Tribunal Administratif de Nice — Décision N° TA06-2201318

jeudi 2 octobre 2025

JuridictionTribunal Administratif de Nice
SectionTribunal Administratif de Nice
N° DossierTA06-2201318
TypeDécision
RecoursPlein contentieux
PublicationC
Formation1ère chambre
Avocat requérantISAIA

Résumé IA

Le Tribunal Administratif de Nice, statuant en plein contentieux, a examiné la demande de la SCI BRI contestant des rehaussements d'impôt sur les sociétés et des contributions sur les revenus locatifs pour les années 2015 et 2016. La société soutenait que la méthode de l'administration pour évaluer les loyers était erronée et ne tenait pas compte de troubles de jouissance, et que l'immeuble n'était pas achevé. Le tribunal a rejeté la requête, considérant que l'administration avait correctement établi l'existence d'un acte anormal de gestion en comparant les loyers perçus des associés à la valeur locative du bien, et que la méthode retenue était fondée sur les dispositions des articles 38 et 209 du code général des impôts.

Texte intégral

Vu la procédure suivante :


Par une requête et deux mémoires enregistrés les 14 mars 2022, 16 août et 27 novembre 2024, la société civile immobilière BRI, représentée par Me Parant, doit être regardée comme demandant au tribunal :
1°) de prononcer le rétablissement partiel du déficit reportable au titre des années 2012, 2014, 2015 et 2016 et la décharge des contributions sur les revenus locatifs mises à sa charge au titre des années 2015 et 2016 ;
2°) de mettre à la charge de l’Etat une somme de 2.500 € en application des dispositions de l’article L. 761-1 du code de justice administrative.

Elle soutient que :
- la méthode utilisée par le service ne tient pas compte de la réalité factuelle des conditions d’exploitation ; elle conduit à une surévaluation des produits réhaussés ;
- il convient de tenir compte des troubles de jouissance en 2012, 2014, 2015 et 2016 pour appliquer un taux d’abattement adapté ;
- en ce qui concerne l’année 2016, la méthode retenue par l’administration n’est pas cohérente avec la réalité des valeurs locatives pratiquées par la société au cours des années précédentes ;
- l’immeuble n’était pas achevé au sens du I de l’article 234 nonies du code général des impôts au titre des années 2015 et 2016.

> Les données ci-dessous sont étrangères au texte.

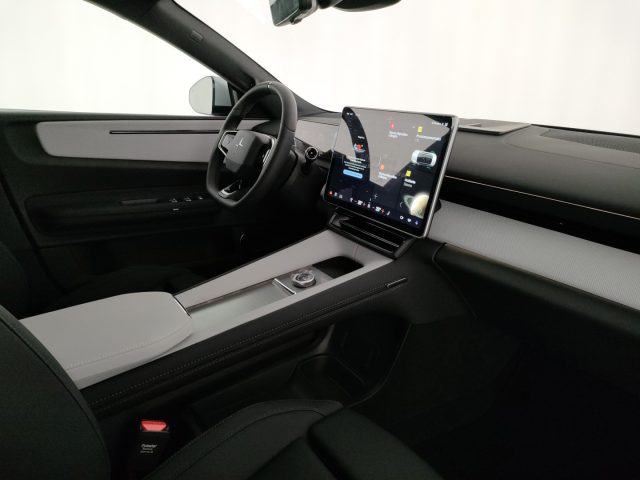 POLESTAR Polestar 4 usata, con Cruise Control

Par deux mémoires en défense enregistrés les 1er août 2022 et 21 novembre 2024, le directeur départemental des finances publiques des Alpes-Maritimes conclut au rejet de la requête.

Il fait valoir qu’aucun des moyens invoqués dans la requête n’est fondé.


Vu les autres pièces du dossier.

Vu :
- le code général des impôts et le livre des procédures fiscales ;
- le code de justice administrative.


Les parties ont été régulièrement averties du jour de l’audience.

Ont été entendus au cours de l’audience publique du 11 septembre 2025 :
- le rapport de Mme Zettor, rapporteure,
- et les conclusions de M. Ruocco-Nardo, rapporteur public.



Considérant ce qui suit :


1. La société civile immobilière (SCI) BRI, société de droit français qui a pour activité l’acquisition, l’administration, la gestion par location ou autrement de tous immeubles et biens immobiliers à usage d’habitation et professionnels, est propriétaire d’une villa située au 11 avenue du Plan des Abeilles à St Jean Cap Ferrat dénommée « Villa Solanam ». La SCI BRI a fait l’objet d’une vérification de comptabilité portant sur la période allant du 1er janvier 2015 au 31 décembre 2016 à l’issue de laquelle elle a été assujettie, selon la procédure contradictoire prévue à l’article L. 55 du livre des procédures fiscales, à des cotisations supplémentaires d’impôt sur les sociétés et de contribution annuelle sur les revenus locatifs. La société demande au tribunal la décharge des impositions ainsi mises à sa charge pour la période en litige, en droits et pénalités.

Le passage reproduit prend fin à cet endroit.